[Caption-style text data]
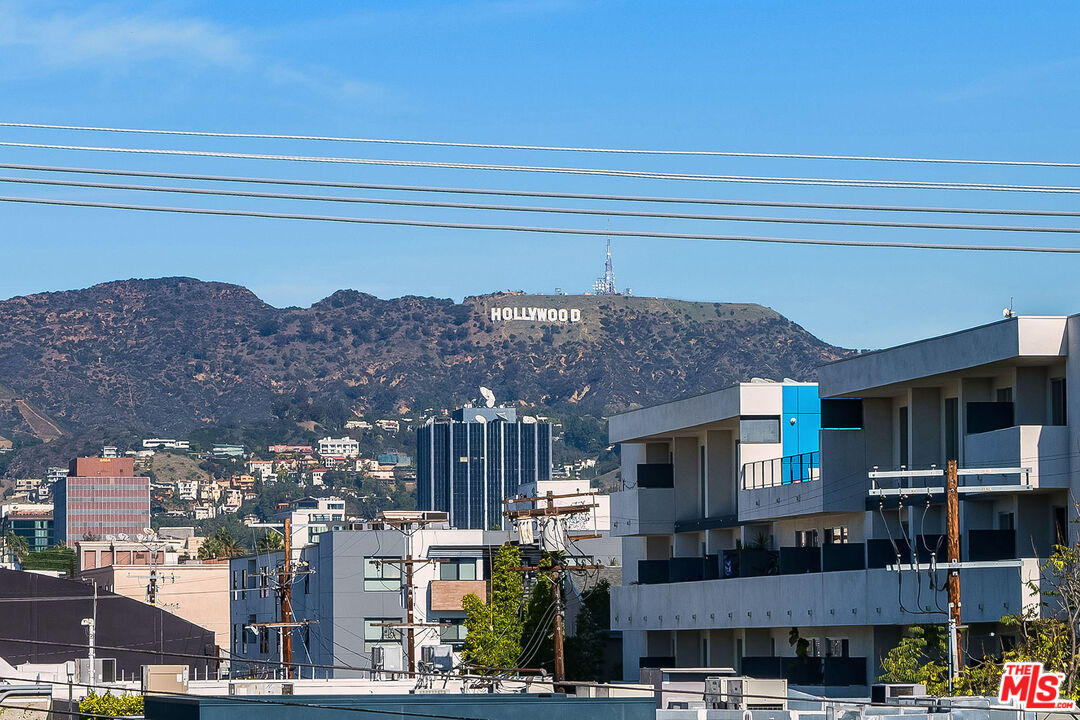 647 Wilcox Ave Unit: 3G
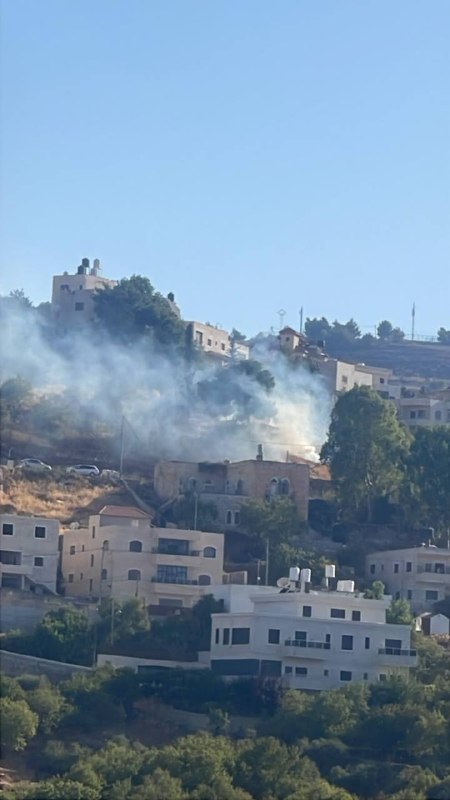 התפרצות שריפה דחופה; כתוצאה מירי כוחות הכיבוש פצצות גז בכפר כפר מליק, צפונית מזרחית לרמאללה.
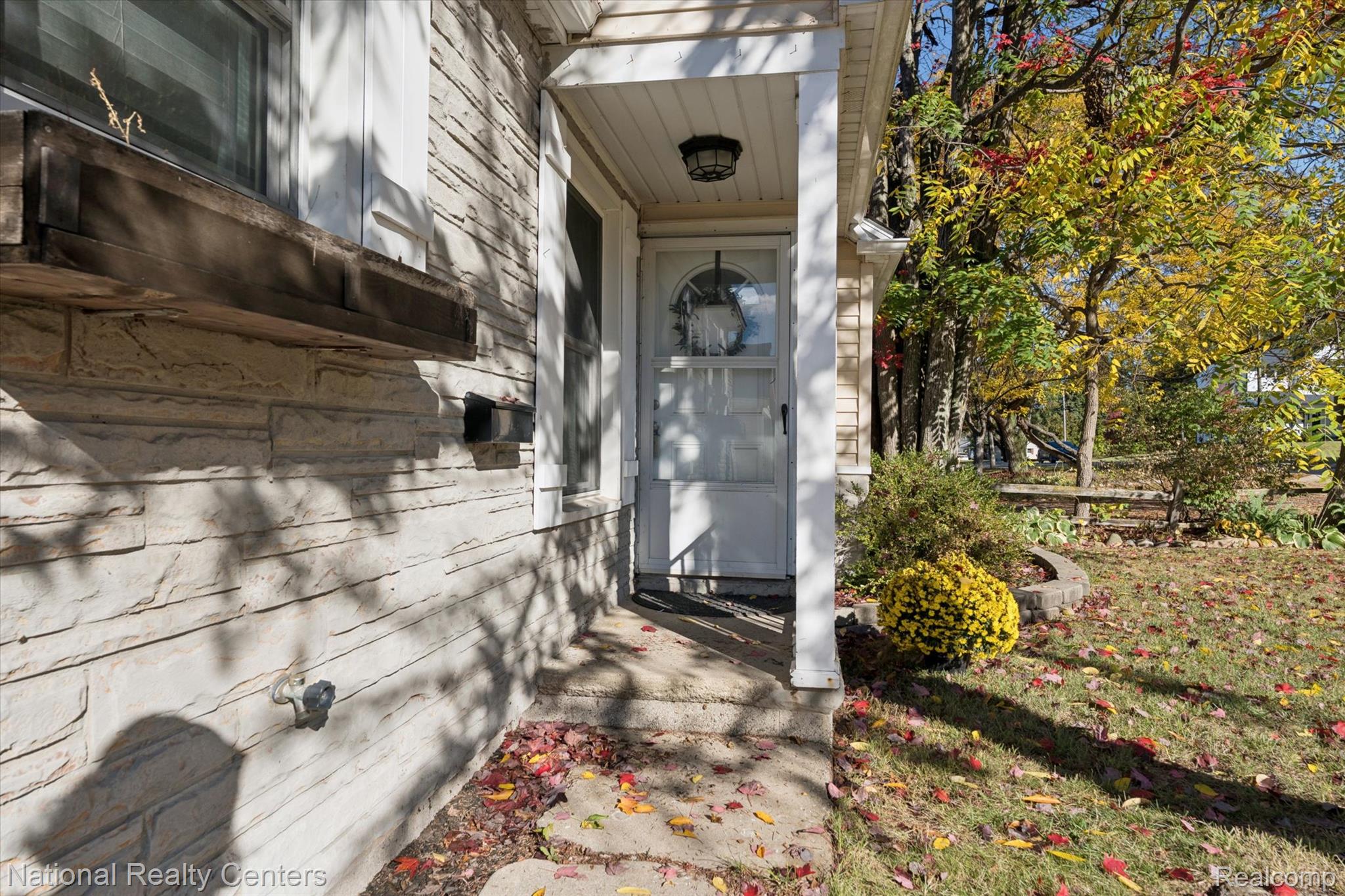 1127 E Commerce Street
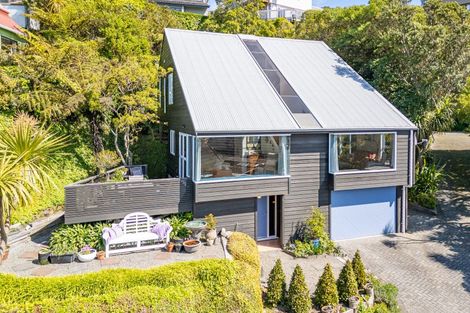 Photo of property in 7 Selkirk Way, Karori, Wellington, 6012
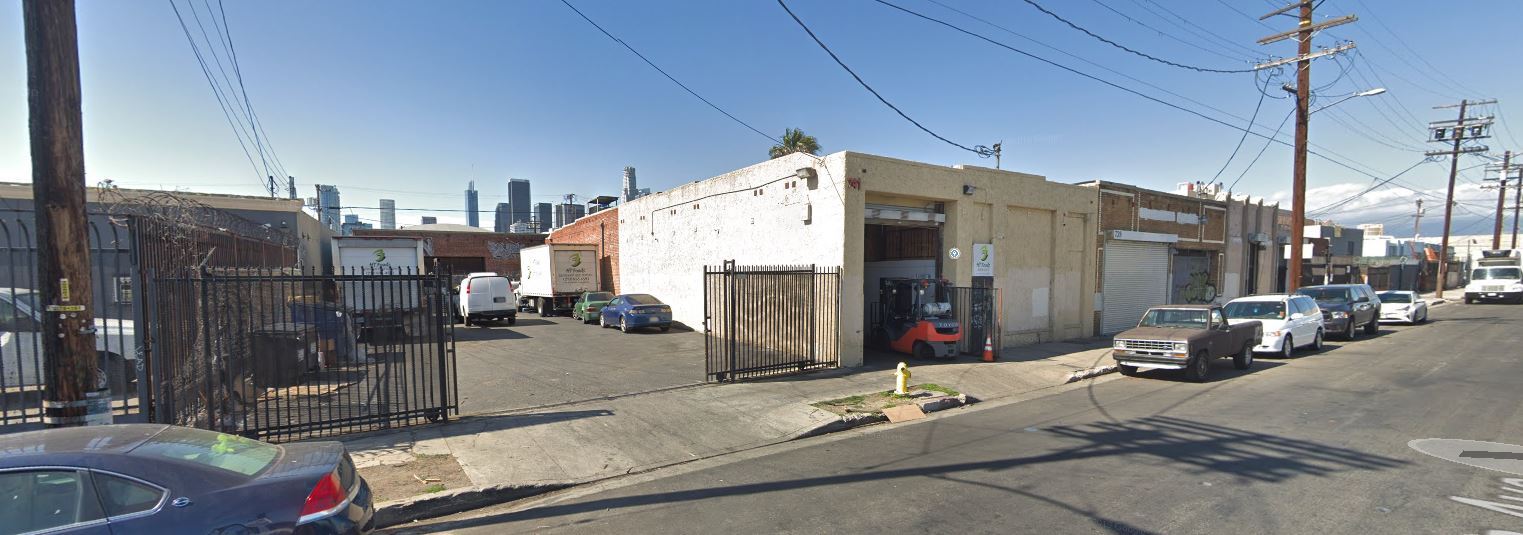 741-743 Ceres Ave, Los Angeles, CA à louer Photo intérieure– Image 1 sur 1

_EXERCISE PROMPT_
Set down the entries shown above once more, exactly as they read, but without pictures.

_RESPONSE BOX_
 647 Wilcox Ave Unit: 3G
 התפרצות שריפה דחופה; כתוצאה מירי כוחות הכיבוש פצצות גז בכפר כפר מליק, צפונית מזרחית לרמאללה.
 1127 E Commerce Street
 Photo of property in 7 Selkirk Way, Karori, Wellington, 6012
 741-743 Ceres Ave, Los Angeles, CA à louer Photo intérieure– Image 1 sur 1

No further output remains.